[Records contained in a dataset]

[Start of Attachment]

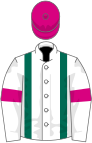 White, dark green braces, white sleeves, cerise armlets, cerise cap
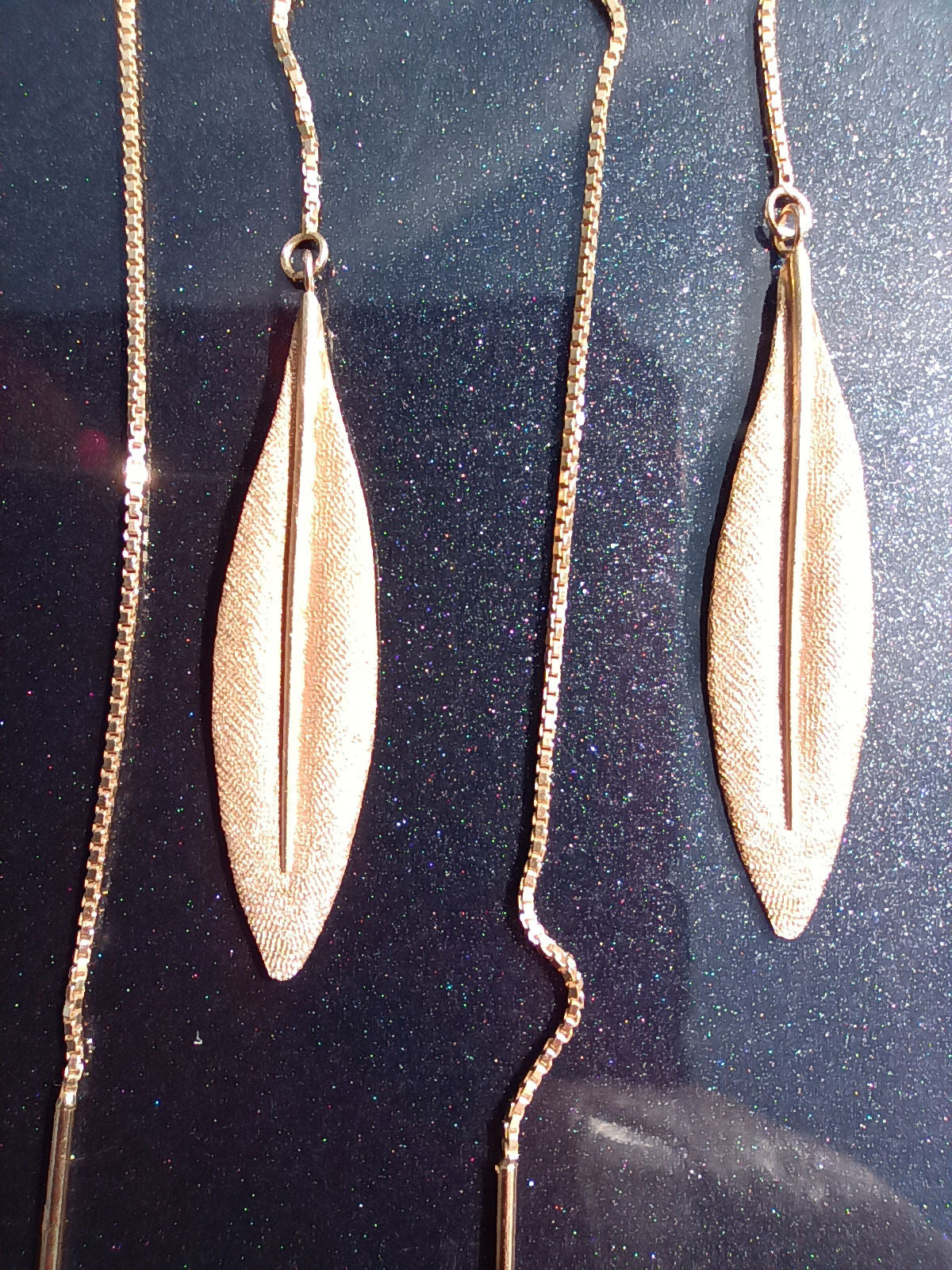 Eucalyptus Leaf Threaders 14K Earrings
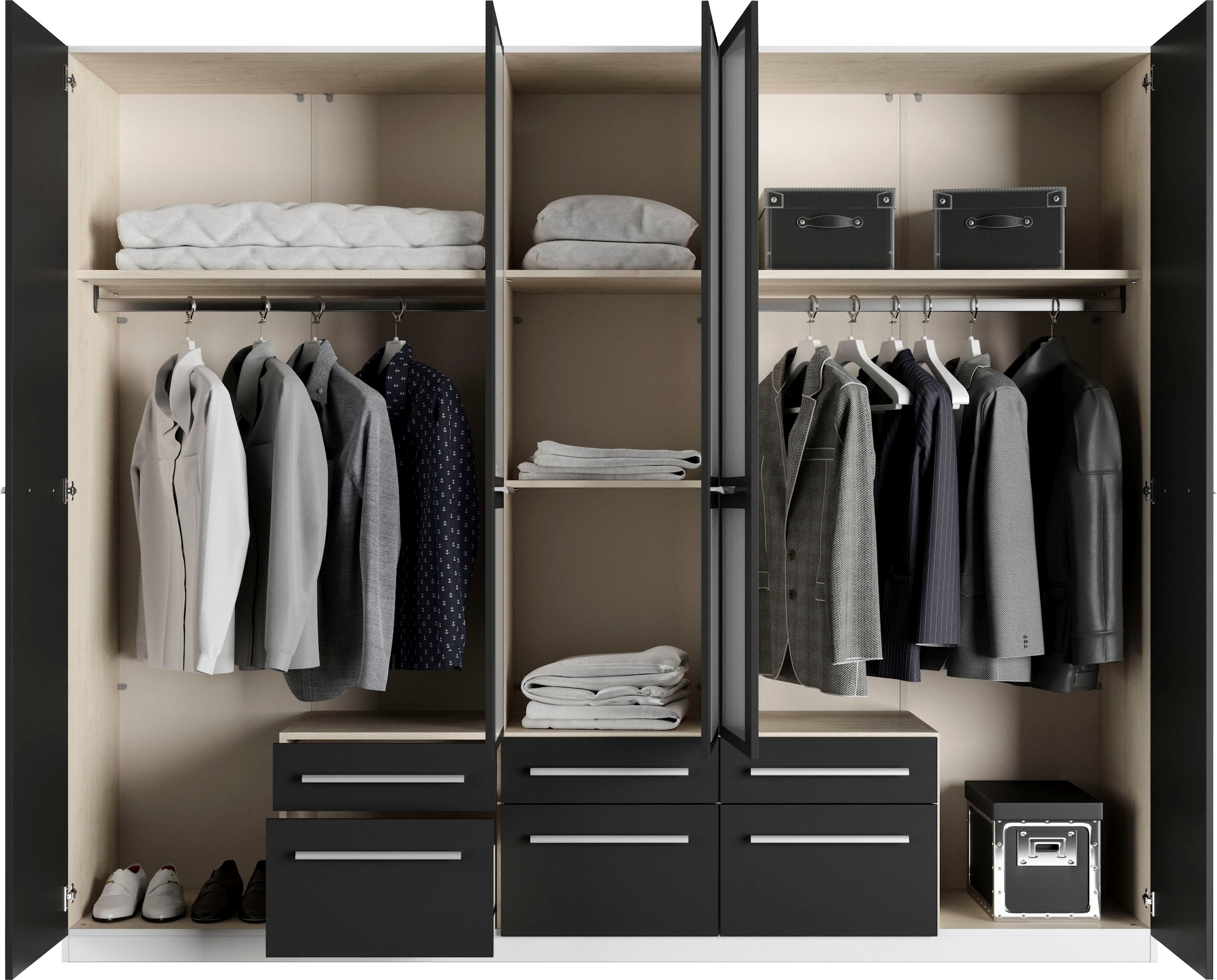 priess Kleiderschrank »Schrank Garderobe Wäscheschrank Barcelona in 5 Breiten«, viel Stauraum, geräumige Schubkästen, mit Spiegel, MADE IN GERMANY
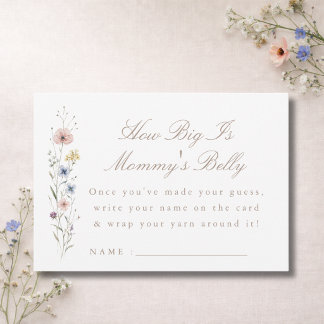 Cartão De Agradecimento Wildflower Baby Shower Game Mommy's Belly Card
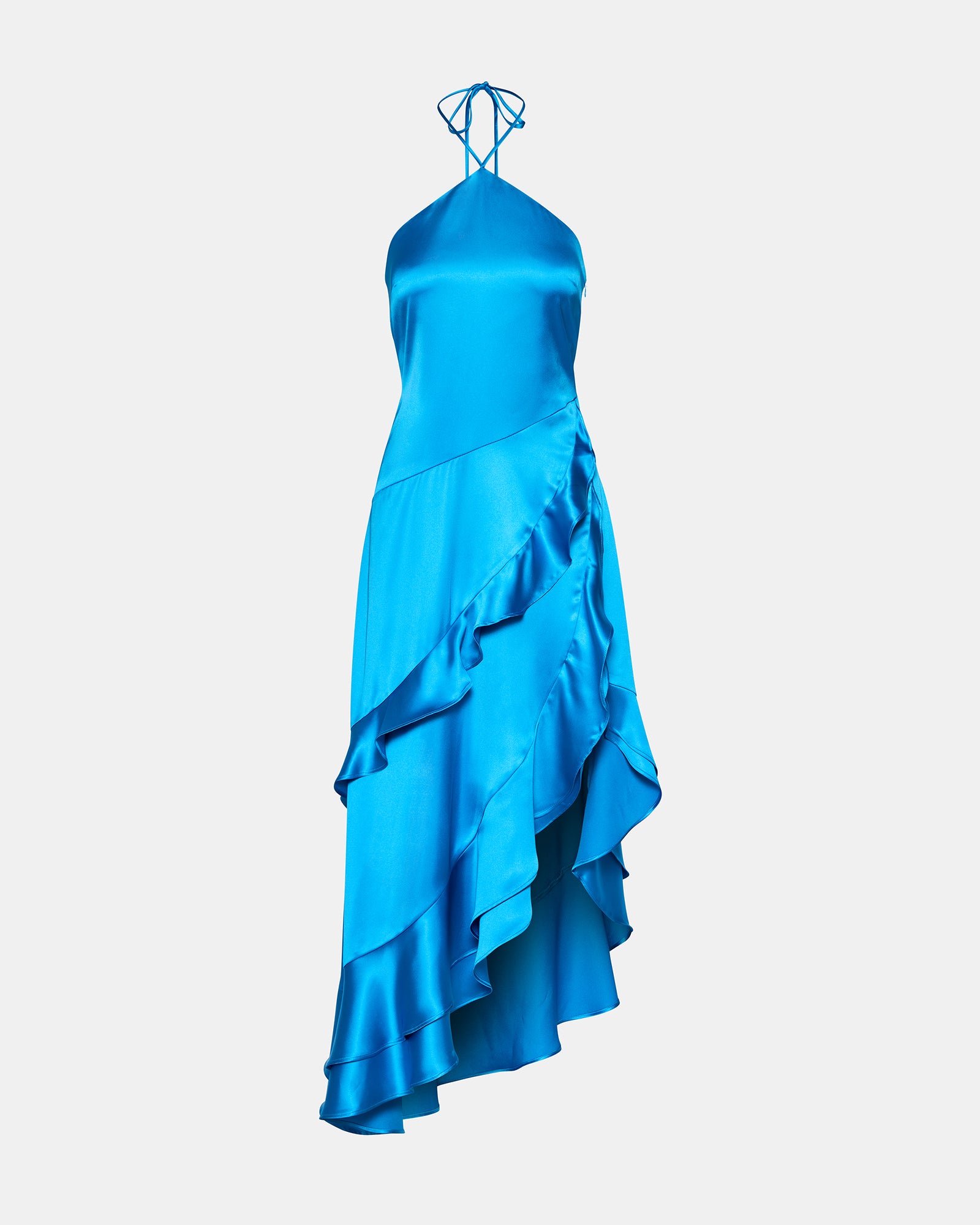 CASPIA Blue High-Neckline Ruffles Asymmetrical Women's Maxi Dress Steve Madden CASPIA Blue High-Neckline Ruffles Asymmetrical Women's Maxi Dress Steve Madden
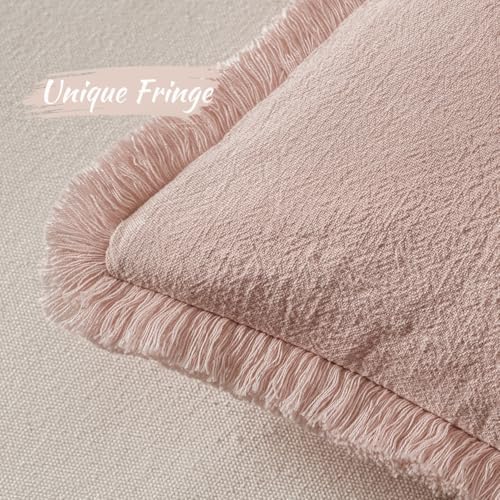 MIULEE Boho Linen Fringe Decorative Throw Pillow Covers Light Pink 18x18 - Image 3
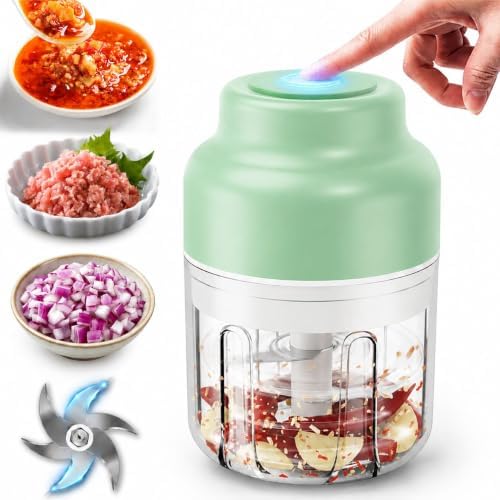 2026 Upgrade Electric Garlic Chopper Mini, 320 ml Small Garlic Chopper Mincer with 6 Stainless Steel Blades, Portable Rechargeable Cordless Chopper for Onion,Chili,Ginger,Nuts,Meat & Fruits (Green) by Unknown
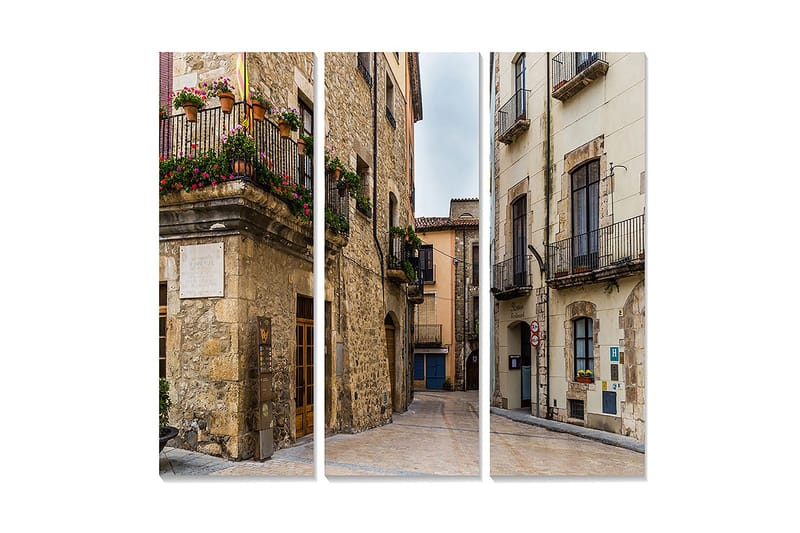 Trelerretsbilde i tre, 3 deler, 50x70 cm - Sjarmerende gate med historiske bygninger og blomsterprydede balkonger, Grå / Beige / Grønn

[End of Attachment]

## [Assignment]
Give the entries again, exactly and in full, with no image included.

## [Your response]
 White, dark green braces, white sleeves, cerise armlets, cerise cap
 Eucalyptus Leaf Threaders 14K Earrings
 priess Kleiderschrank »Schrank Garderobe Wäscheschrank Barcelona in 5 Breiten«, viel Stauraum, geräumige Schubkästen, mit Spiegel, MADE IN GERMANY
 Cartão De Agradecimento Wildflower Baby Shower Game Mommy's Belly Card
 CASPIA Blue High-Neckline Ruffles Asymmetrical Women's Maxi Dress Steve Madden CASPIA Blue High-Neckline Ruffles Asymmetrical Women's Maxi Dress Steve Madden
 MIULEE Boho Linen Fringe Decorative Throw Pillow Covers Light Pink 18x18 - Image 3
 2026 Upgrade Electric Garlic Chopper Mini, 320 ml Small Garlic Chopper Mincer with 6 Stainless Steel Blades, Portable Rechargeable Cordless Chopper for Onion,Chili,Ginger,Nuts,Meat & Fruits (Green) by Unknown
 Trelerretsbilde i tre, 3 deler, 50x70 cm - Sjarmerende gate med historiske bygninger og blomsterprydede balkonger, Grå / Beige / Grønn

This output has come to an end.